Shot through the left femur while serving in Vietnam
In 1965, Kemp was shot through the left femur while serving in Vietnam. As a result of that wound, Kemp's leg bowed increasingly over the years, becoming crooked and, ultimately, two inches shorter than his right leg. The inner side of the veteran's left knee joint wore out, and Kemp struggled with a painful, disabling condition and a discouraging prognosis from many physicians.
"Mr. Kemp was an ideal candidate for the Ilizarov method because of the complex nature of his condition," says Dr. Gugenheim, who has treated more than 800 patients using the Ilizarov technique. "Not only was Mr. Kemp's bone short, it was angulated and translated: in effect, it bowed from his right leg making a 'D,' and the ends of the bones were out of alignment." Dr. Gugenheim, who practices and conducts limb restoration research at Houston's Texas Orthopedic Hospital, is one of the nation's foremost experts in the Ilizarov method.

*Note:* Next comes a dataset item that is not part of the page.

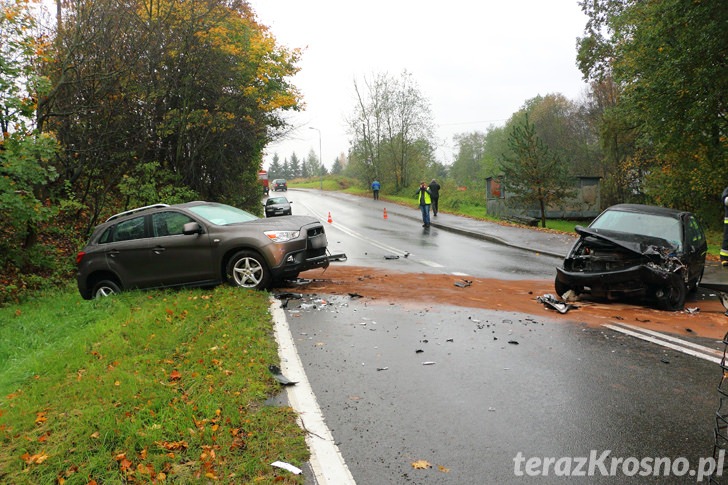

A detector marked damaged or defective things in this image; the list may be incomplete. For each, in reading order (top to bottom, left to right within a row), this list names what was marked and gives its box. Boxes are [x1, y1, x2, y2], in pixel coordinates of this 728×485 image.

crushed car hood [576, 226, 680, 258]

To straighten, lengthen and align Kemp's femur, Dr. Gugenheim positioned a circular frame, or "fixator" around the patient's upper leg in the operating room. (Individual frames are constructed to exact specifications determined by the surgeon for each patient.) Small pins and wires were then transfixed through Kemp's bone and held under extremely high tension by rings around the leg. A small incision was made in the skin, and only the shell of the bone was cut. Over a period of time, the rings were moved apart slowly, or "distracted" by Kemp, who rotated a dial on his frame less than one millimeter each day. Because the shell of the bone was cut, it gradually moved apart and lengthened the femur through the distraction process.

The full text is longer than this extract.